You could implement required behavior using sync.Cond:
https://golang.org/pkg/sync/#Cond
How to correctly use sync.Cond?
In Go I can write such code for creating a gorouting that sleeps 5 sec.
func sleep(link chan interface{}){
time.Sleep(5 * time.Second)
fmt.Println("I've slept for 5 sec")
link <- struct {}{}
}
func main() {
var link = make(chan interface{})
go sleep(link)
time.Sleep(1 * time.Second)
// here I want to change the remaining sleeping time of `sleep` goroutine to 0.5 sec
<- link
}
What if in main function I change my mind and decide that the sleeper should sleep not 5 sec but 3. How can it done if goroutine already started to sleep (and sleeping, for example, for 1 sec)?
UPDATE
I mean is there something whereby I can manage that unique goroutine while it sleeps. Like giving commands to it about decreasing or increasing time of sleep:
func main() {
// ...
time.Sleep(1)
something.ManageRemainingTime(10)
time.Sleep(5)
something.ManageRemainingTime(100)
time.Sleep(8)
something.ManageRemainingTime(0.5)
// ...
}
If you just need a way to "wakeup" a sleeping goroutine, you could use sync.Once to ensure your function only gets called once, and then return a channel so you can set a sooner "trigger time", so something this:
func sleep(callback func(), seconds int) chan int {
once := sync.Once{}
wakeup := make(chan int)
go func() {
for sleep := range wakeup {
go func() {
time.Sleep(time.Duration(sleep) * time.Second)
once.Do(callback)
}()
}
}()
wakeup <- seconds
return wakeup
}
func main() {
wg := sync.WaitGroup{}
wg.Add(1)
t := time.Now()
wakeup := sleep(func() {
fmt.Println("Hello, playground")
wg.Done()
}, 5)
wakeup <- 2
wg.Wait()
fmt.Println(time.Since(t))
}
https://play.golang.org/p/BRNtaBPKpLW
One method is to use a context object. Specifically one created with WithTimeout.

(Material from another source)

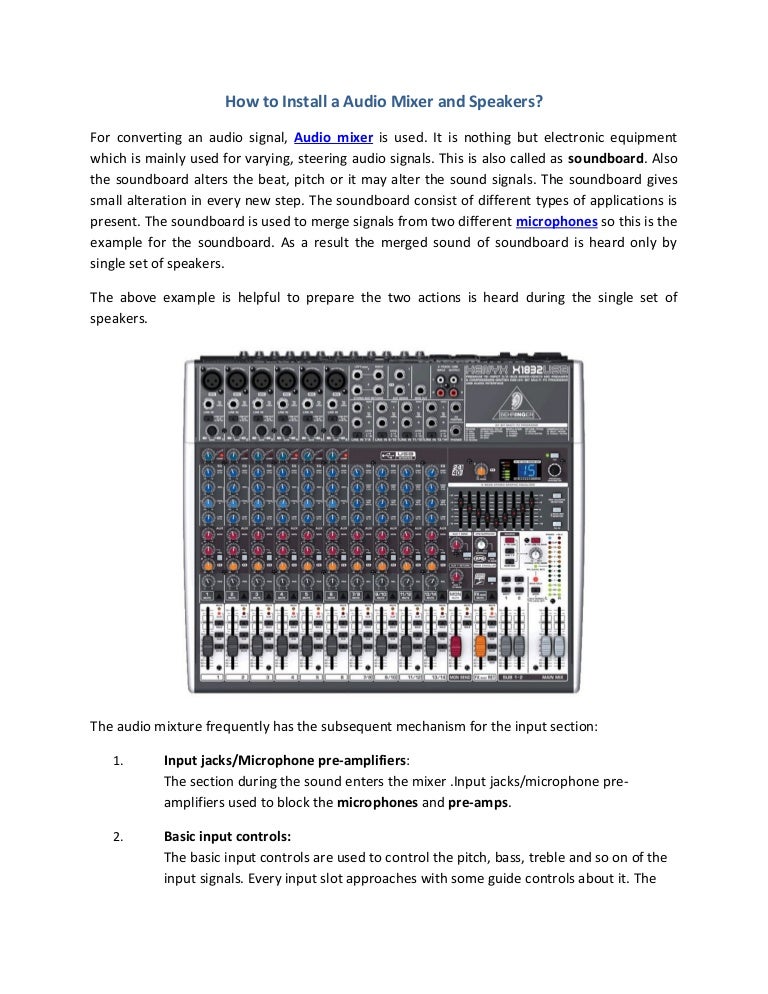 How toinstallaaudiomixerandspeakers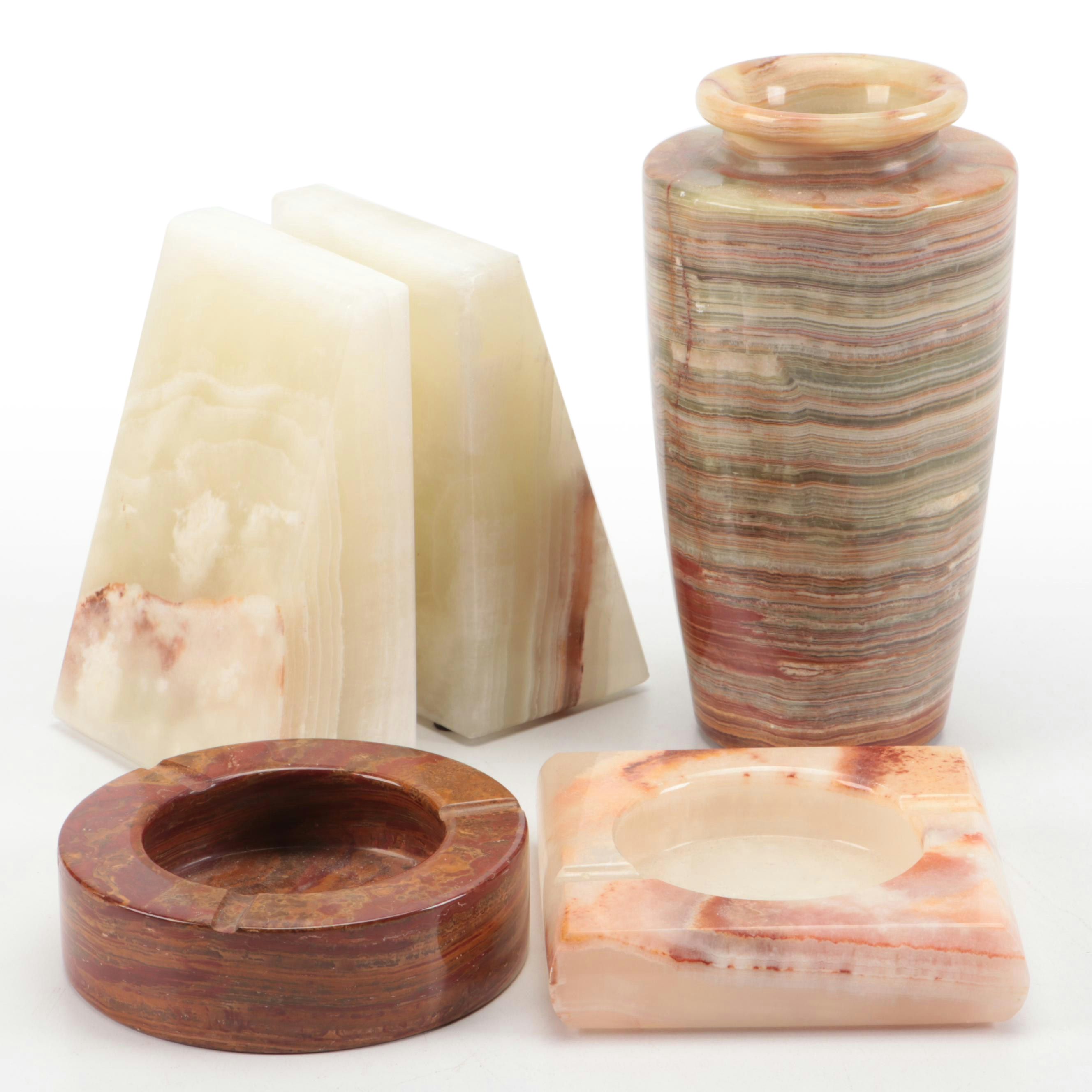 Banded Calcite Bookends and Ashtray with Calcite Marble Vase and Jasper Ashtray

The context object provides a way of sending a "cancel" signal to a worker. In this case your worker is not really doing anything, but still fits the paradigm.
Example would be:
package main
import (
"context"
"fmt"
"sync"
"time"
)
func sleep(ctx context.Context, wg *sync.WaitGroup) {
sctx, _ := context.WithTimeout(ctx, 5*time.Second)
tStart := time.Now()
<-sctx.Done() // will sit here until the timeout or cancelled
tStop := time.Now()
fmt.Printf("Slept for %s\n", tStop.Sub(tStart))
wg.Done()
}
func main() {
ctx, cancelFunc := context.WithCancel(context.Background())
wg := sync.WaitGroup{}
wg.Add(1)
go sleep(ctx, &wg)
if true {
time.Sleep(3 * time.Second)
cancelFunc()
}
wg.Wait()
}
https://play.golang.org/p/2Krx4PsxFKL
Change the if true { to if false { and you can see the Slept for ... change.
One method is to use a timer. You can call Stop() on a timer, but this stops it without waking up whatever is waiting on it. So you then use Reset() to set it to a new value, specifically 0, which triggers it immediately.
Example:
package main
import (
"fmt"
"sync"
"time"
)
func sleep(wg *sync.WaitGroup) *time.Timer {
timer := time.NewTimer(5 * time.Second)
go func() {
tStart := time.Now()
<-timer.C
tStop := time.Now()
fmt.Printf("Slept for %s\n", tStop.Sub(tStart))
wg.Done()
}()
return timer
}
func main() {
wg := sync.WaitGroup{}
wg.Add(1)
timer := sleep(&wg)
if true {
time.Sleep(3 * time.Second)
if timer.Stop() {
timer.Reset(0)
}
}
wg.Wait()
}
https://play.golang.org/p/b3I65kAujR4
Change the if true { to if false { and you can see the Slept for ... change.